**Extracted entries**
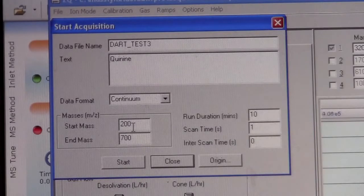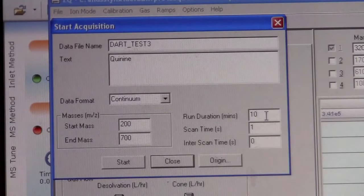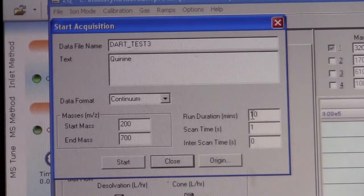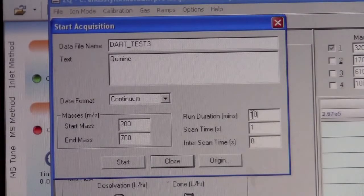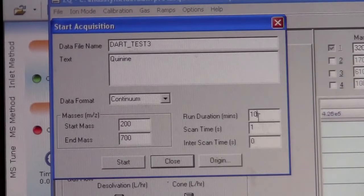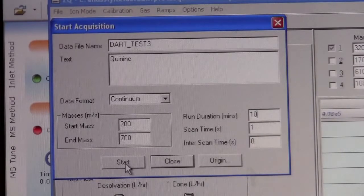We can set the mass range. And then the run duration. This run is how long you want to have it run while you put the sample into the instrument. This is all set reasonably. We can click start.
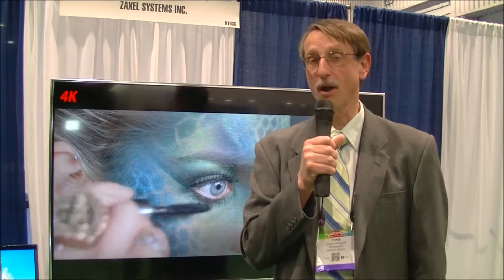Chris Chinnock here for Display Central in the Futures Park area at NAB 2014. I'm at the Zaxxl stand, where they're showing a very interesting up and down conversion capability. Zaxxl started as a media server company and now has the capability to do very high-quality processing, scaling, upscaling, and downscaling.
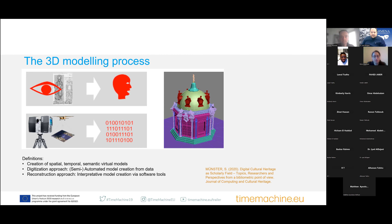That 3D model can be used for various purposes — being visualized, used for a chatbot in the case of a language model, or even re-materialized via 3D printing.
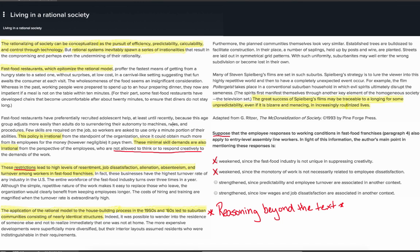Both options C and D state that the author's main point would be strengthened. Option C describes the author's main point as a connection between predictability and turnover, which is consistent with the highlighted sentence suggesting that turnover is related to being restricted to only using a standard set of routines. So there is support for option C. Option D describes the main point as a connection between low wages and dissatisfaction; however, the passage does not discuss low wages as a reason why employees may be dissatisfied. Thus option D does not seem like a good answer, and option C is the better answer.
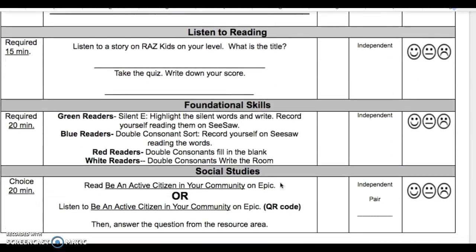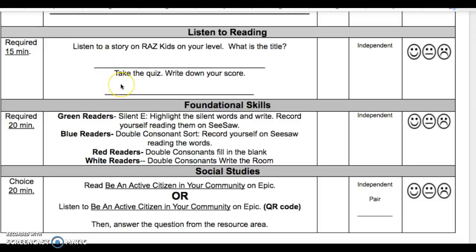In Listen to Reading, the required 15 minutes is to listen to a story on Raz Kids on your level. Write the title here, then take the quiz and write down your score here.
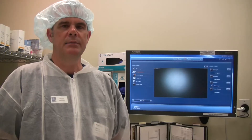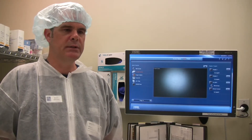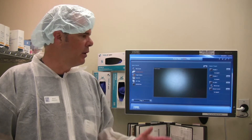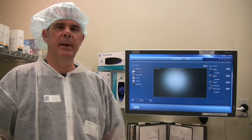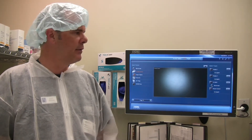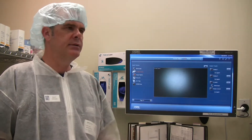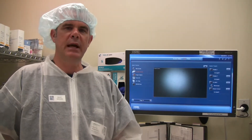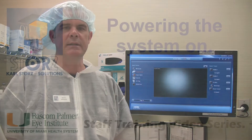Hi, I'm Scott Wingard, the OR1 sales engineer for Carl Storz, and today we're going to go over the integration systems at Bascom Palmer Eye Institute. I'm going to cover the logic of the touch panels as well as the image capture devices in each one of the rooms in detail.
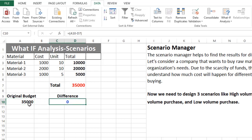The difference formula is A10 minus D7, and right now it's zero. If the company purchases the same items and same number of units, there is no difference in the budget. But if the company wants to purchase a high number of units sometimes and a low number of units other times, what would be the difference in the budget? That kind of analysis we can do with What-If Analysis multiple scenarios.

---

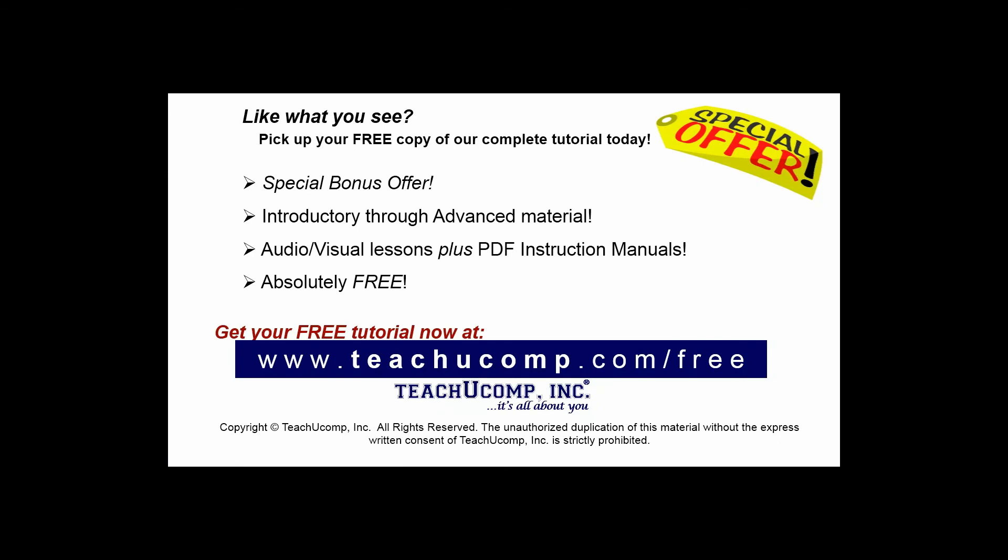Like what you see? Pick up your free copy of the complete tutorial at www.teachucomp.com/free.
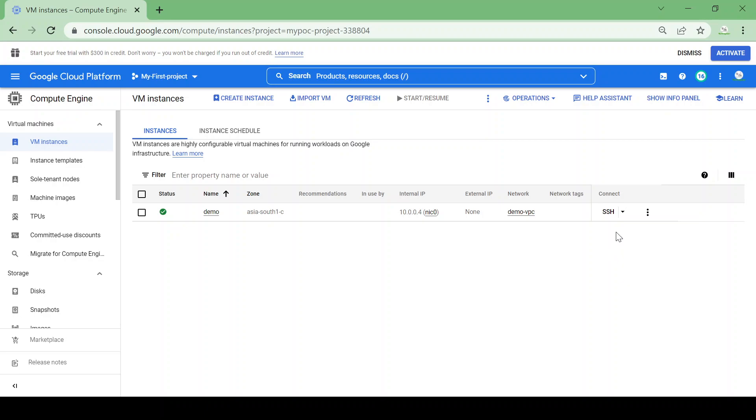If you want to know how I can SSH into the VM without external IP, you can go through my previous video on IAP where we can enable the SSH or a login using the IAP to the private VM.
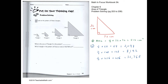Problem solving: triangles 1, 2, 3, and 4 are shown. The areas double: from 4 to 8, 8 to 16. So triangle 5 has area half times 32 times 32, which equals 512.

**What is required**
Copy exactly, without pictures, the lines above from the one with "Hi, I'm Scott" down to the one with "The difference formula", inclusive.

**Result**
Hi, I'm Scott Wingard, the OR1 sales engineer for Carl Storz, and today we're going to go over the integration systems at Bascom Palmer Eye Institute. I'm going to cover the logic of the touch panels as well as the image capture devices in each one of the rooms in detail.
The difference formula is A10 minus D7, and right now it's zero. If the company purchases the same items and same number of units, there is no difference in the budget. But if the company wants to purchase a high number of units sometimes and a low number of units other times, what would be the difference in the budget? That kind of analysis we can do with What-If Analysis multiple scenarios.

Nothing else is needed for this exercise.